Write out exactly what each line says, starting with the first line below and ending on the one with "Aristo Long Wallet- Camel - Image 2".

(Data records begins)

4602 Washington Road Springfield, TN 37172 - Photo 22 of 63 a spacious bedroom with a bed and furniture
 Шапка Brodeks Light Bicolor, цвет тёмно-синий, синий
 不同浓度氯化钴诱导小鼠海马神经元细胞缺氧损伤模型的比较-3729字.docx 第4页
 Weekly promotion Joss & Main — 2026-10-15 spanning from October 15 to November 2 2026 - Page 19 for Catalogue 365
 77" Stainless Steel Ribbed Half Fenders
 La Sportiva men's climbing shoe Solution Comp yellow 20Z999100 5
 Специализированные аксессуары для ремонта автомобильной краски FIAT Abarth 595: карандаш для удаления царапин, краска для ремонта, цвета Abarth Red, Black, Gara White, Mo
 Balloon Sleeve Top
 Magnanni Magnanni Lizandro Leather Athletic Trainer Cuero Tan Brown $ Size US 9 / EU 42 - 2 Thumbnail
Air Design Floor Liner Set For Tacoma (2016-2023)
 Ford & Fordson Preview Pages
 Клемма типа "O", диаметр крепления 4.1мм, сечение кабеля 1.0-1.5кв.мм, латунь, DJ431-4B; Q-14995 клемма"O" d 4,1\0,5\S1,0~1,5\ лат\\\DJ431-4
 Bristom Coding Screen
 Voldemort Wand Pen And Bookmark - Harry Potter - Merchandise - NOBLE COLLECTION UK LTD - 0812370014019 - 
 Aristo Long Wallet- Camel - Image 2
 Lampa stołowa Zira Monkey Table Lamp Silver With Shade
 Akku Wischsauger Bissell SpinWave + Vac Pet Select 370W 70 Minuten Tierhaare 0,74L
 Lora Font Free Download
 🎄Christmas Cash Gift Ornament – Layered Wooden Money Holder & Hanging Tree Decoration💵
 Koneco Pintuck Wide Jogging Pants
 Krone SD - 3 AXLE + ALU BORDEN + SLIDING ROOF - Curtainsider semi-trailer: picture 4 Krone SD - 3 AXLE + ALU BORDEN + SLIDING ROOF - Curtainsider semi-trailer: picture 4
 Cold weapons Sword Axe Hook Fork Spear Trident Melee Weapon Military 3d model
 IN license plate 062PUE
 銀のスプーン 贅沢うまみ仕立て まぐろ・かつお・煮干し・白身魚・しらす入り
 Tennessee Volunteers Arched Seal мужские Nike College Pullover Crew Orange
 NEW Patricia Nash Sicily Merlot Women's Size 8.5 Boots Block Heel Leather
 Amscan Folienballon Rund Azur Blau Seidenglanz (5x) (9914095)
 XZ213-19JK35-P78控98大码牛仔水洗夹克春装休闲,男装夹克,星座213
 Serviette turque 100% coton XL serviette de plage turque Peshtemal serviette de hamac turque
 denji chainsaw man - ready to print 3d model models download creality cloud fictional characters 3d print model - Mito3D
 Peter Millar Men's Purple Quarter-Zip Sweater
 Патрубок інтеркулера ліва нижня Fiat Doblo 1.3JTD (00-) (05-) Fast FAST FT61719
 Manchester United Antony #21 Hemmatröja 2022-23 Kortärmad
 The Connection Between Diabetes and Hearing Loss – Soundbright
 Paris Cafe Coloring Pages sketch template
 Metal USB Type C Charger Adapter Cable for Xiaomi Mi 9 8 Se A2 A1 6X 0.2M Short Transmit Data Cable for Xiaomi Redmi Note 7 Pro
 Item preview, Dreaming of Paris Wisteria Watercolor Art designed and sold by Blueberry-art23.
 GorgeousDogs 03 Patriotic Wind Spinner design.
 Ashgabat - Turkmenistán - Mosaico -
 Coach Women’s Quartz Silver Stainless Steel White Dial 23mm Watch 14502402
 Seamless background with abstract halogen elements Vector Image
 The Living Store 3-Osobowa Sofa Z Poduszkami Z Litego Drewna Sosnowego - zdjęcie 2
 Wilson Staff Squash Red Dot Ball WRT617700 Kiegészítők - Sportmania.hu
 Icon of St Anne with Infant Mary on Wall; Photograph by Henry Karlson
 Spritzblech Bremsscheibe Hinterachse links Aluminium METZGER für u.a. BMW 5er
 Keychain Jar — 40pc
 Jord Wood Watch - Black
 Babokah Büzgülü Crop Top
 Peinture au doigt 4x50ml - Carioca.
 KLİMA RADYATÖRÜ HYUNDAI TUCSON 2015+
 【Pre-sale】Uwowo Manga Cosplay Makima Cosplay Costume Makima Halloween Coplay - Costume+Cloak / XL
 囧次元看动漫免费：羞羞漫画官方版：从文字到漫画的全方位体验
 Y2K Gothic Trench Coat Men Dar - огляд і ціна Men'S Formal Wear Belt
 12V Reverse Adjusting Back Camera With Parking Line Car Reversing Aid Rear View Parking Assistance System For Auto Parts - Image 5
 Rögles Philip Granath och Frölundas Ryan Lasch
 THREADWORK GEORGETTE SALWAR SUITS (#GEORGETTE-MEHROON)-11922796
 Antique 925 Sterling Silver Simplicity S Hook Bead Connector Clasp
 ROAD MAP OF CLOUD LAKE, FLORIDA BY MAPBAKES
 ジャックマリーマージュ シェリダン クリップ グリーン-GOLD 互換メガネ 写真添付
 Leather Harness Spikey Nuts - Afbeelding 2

(Data records ends)

◆ **Response**:
4602 Washington Road Springfield, TN 37172 - Photo 22 of 63 a spacious bedroom with a bed and furniture
 Шапка Brodeks Light Bicolor, цвет тёмно-синий, синий
 不同浓度氯化钴诱导小鼠海马神经元细胞缺氧损伤模型的比较-3729字.docx 第4页
 Weekly promotion Joss & Main — 2026-10-15 spanning from October 15 to November 2 2026 - Page 19 for Catalogue 365
 77" Stainless Steel Ribbed Half Fenders
 La Sportiva men's climbing shoe Solution Comp yellow 20Z999100 5
 Специализированные аксессуары для ремонта автомобильной краски FIAT Abarth 595: карандаш для удаления царапин, краска для ремонта, цвета Abarth Red, Black, Gara White, Mo
 Balloon Sleeve Top
 Magnanni Magnanni Lizandro Leather Athletic Trainer Cuero Tan Brown $ Size US 9 / EU 42 - 2 Thumbnail
Air Design Floor Liner Set For Tacoma (2016-2023)
 Ford & Fordson Preview Pages
 Клемма типа "O", диаметр крепления 4.1мм, сечение кабеля 1.0-1.5кв.мм, латунь, DJ431-4B; Q-14995 клемма"O" d 4,1\0,5\S1,0~1,5\ лат\\\DJ431-4
 Bristom Coding Screen
 Voldemort Wand Pen And Bookmark - Harry Potter - Merchandise - NOBLE COLLECTION UK LTD - 0812370014019 - 
 Aristo Long Wallet- Camel - Image 2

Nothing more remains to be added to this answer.